When Cyclone Nilam hit the north coastal districts of Andhra Pradesh in November last year, fishermen like 70-year-old A Ravulu in Srikakulam district's Dibbalapalem had just seconds to flee. As they ran for their lives, most of them crossed a 10-metre-high dilapidated building but didn't know that the imposing structure was a t tufhanu rakshana bhavanamu (cyclone shelter).
Well acquainted with the sea and its changing tides, the old fisherman is still not aware of the fact that the cyclone shelter had been standing there since 1982.
Ravulu, who works at private fish storage depot, says: "I don't remember seeing the building in use ever." Several such cyclone shelters in ruins along the coast (Visakhapatnam to Srikakulam) bear the testimony that nobody's concerned about the public utilities.
The tufhanu rakshana bhavanamu at Dibbalapalem was dedicated to the people of Andhra Pradesh by an IAS officer, Sravan Kumar, on March 16, 1982. Not in use now, the building has developed huge cracks and is on the verge of falling down. Some other cyclone shelters have been converted into police stations, schools and government offices besides others occupied by private developers.

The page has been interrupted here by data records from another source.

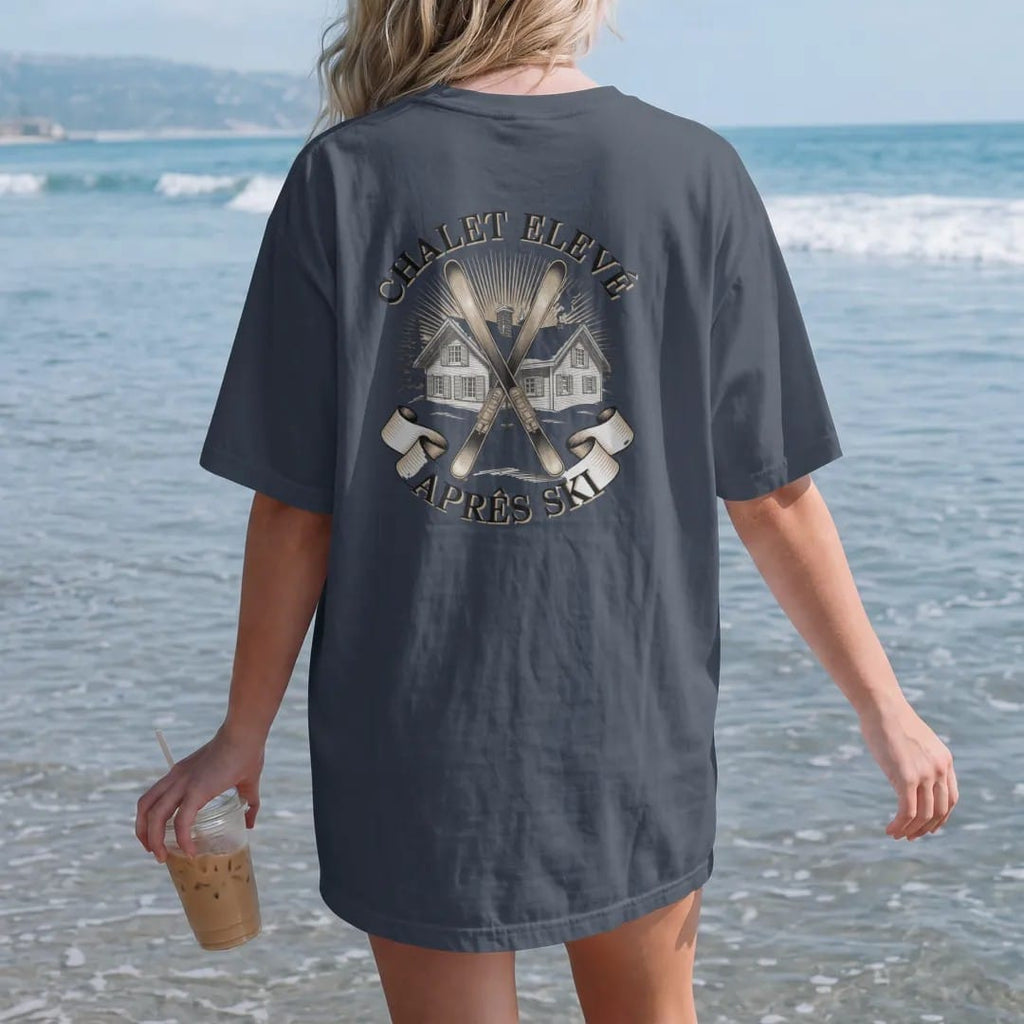 Woman on the beach in a Midnight tee, back view: a snowy alpine chalet with crossed vintage skis and pines under Chalet Elevé and an Après Ski banner, as a fine engraving in cream and champagne gold.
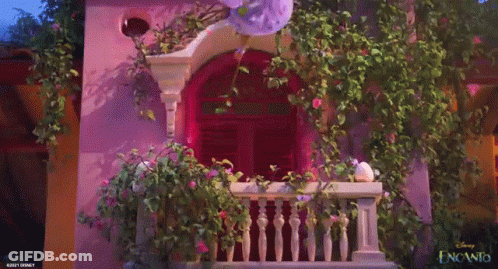 Purple Building With Balcony And Flowers GIF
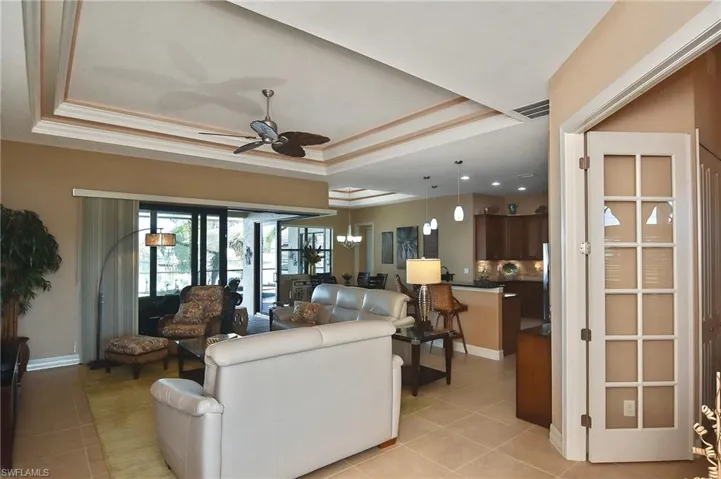Tiled living room featuring french doors, a tray ceiling, ceiling fan, and crown molding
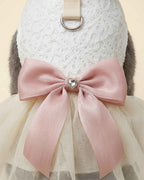 Close-up of the blush pink satin bow, heart-shaped crystal ornament, ivory floral lace bodice and metal D-ring.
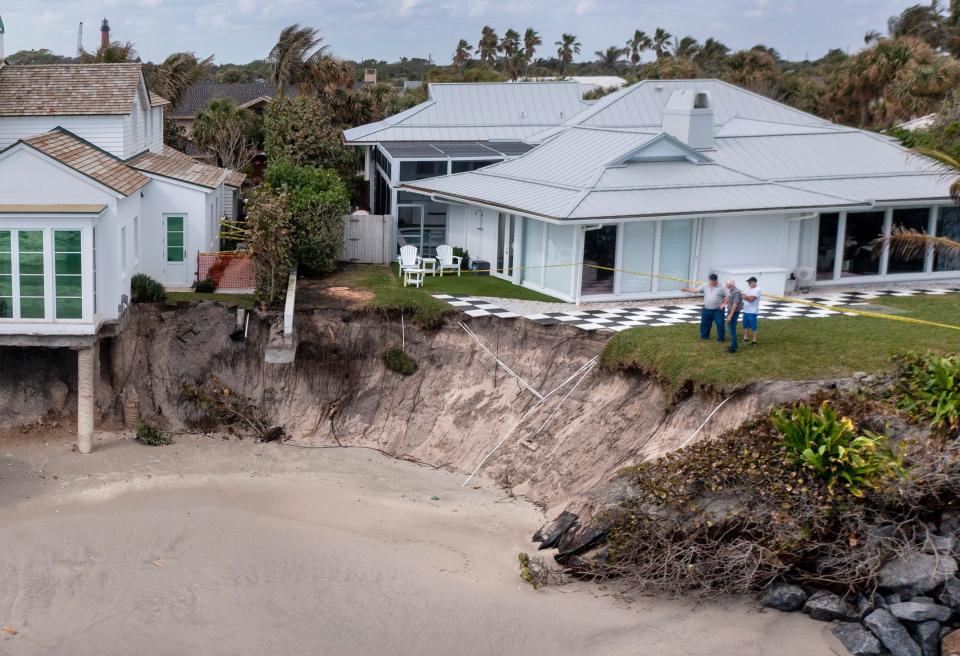 The home of Kid Rock, right, whose legal name is Robert J. Ritchie, was damaged by erosion on February 12, 2024, in Jupiter Inlet Colony, Florida.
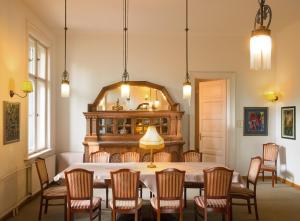 a dining room with a table and chairs and a mirror at Hotel Abel Pension Budapest in Budapest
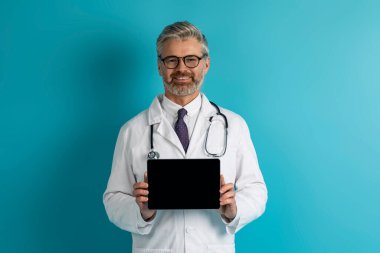 Neşeli, yakışıklı, orta yaşlı beyaz doktor siyah ekranlı dijital tablet gösteriyor, güzel bir tele sağlık web sitesi veya uygulama öneriyor, mavi stüdyo geçmişi, maket, kopyalama alanı öneriyor.
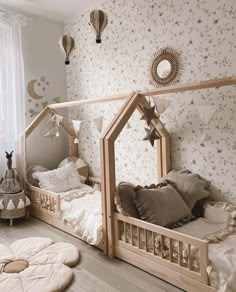 a room with two beds and pillows on the floor, one is made out of wood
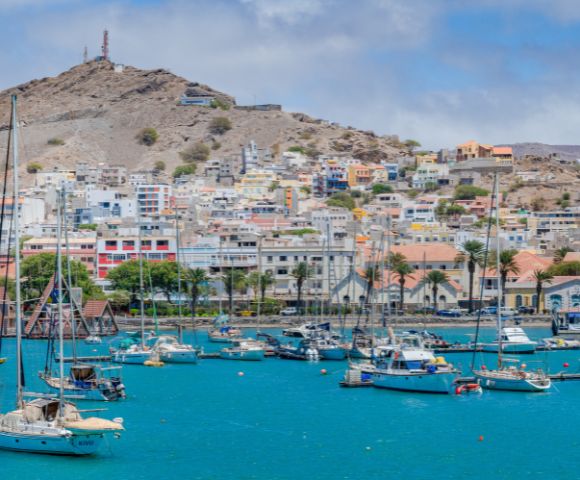 A vibrant harbor scene with sailboats floating on turquoise water and colorful houses on a hillside in the background under a partly cloudy sky.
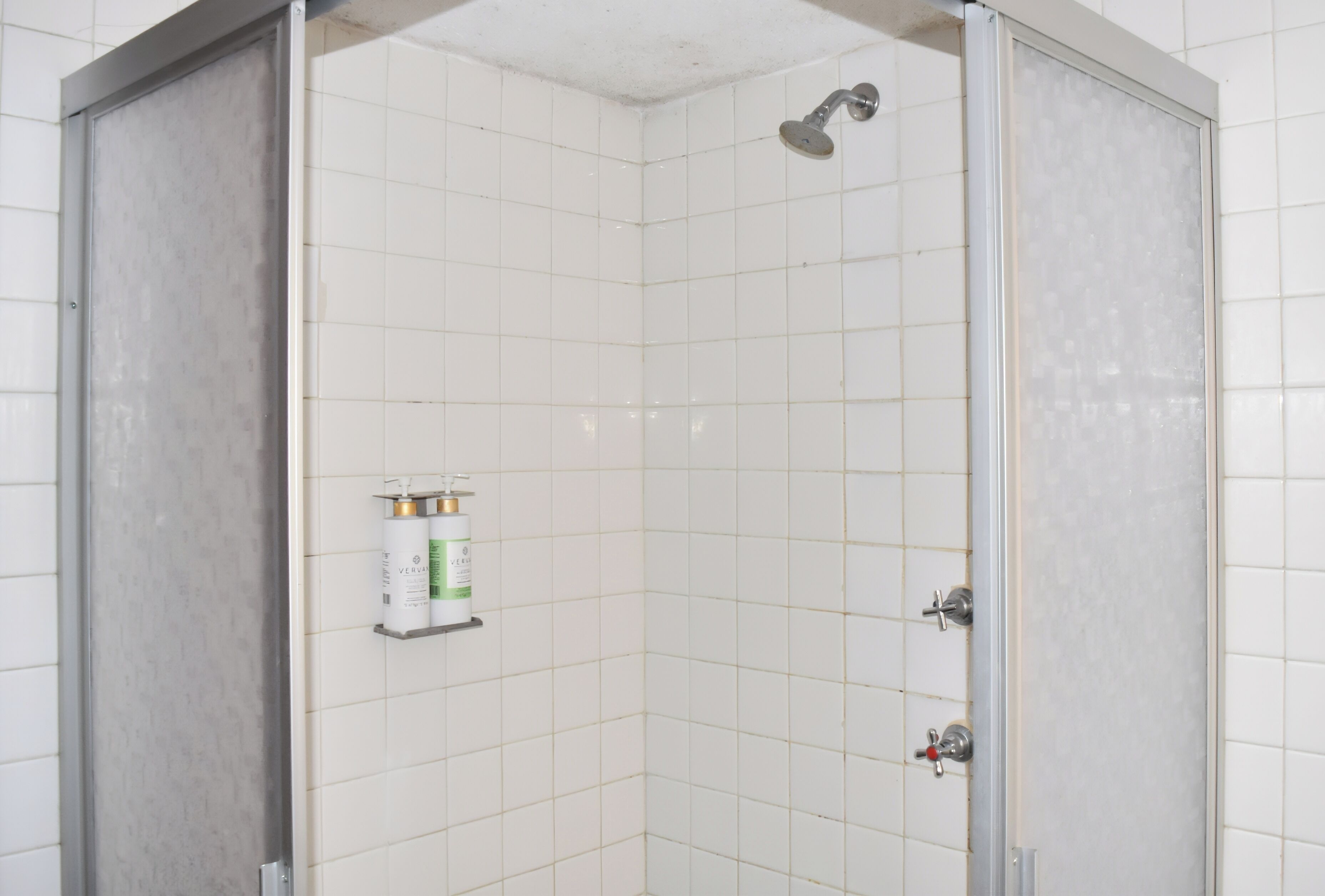 A shower with a handheld showerhead, a soap dispenser, and a water temperature control.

The prominently visible Rishikonda Marine Police station, around 15 km from Visakhapatnam, is an example of building-use redistribution or change effected by the government. A new building was constructed where a cyclone shelter once stood and was given to the police station in 2007, a constable in the station told Hindustan Times.
Some distance away at Mangamaripeta, a section of another cyclone shelter was being used as a primary school. After the school moved to its own building, the place had been abandoned by authorities. While children use the empty building to play hide-and-seek, it turns into a hiding place for anti-social elements at night.
The school shifted to its new building some three years ago. Now, this building is is for entire village to use, said Jayakumar, a student.
If cyclone hits us here, this building is of no use. It cannot be used as a camp," said another resident. Several cyclone shelters were constructed all along the coast up to Orissa border after the 1977 super cyclone that swallowed Divi village in Krishna district and took 20,000 lives across the state.
"The one in shambles at Dibbalapalem is a reflection of public apathy and indifference to anything not directly owned by the people individually. No one feels he has personal stake in it," said M Vamsi Krishnan, manager SBI branch manager at Bheemunipatnam.Mangamaripeta cyclone shelter that has hosted a municipal school. Photo : KV Lakshmana
"More such abadoned shelters at nearby villages of Chinna Nagayya Palem, Pedda Nagayya Palem, Annavaram could be seen silently facing the tides of time.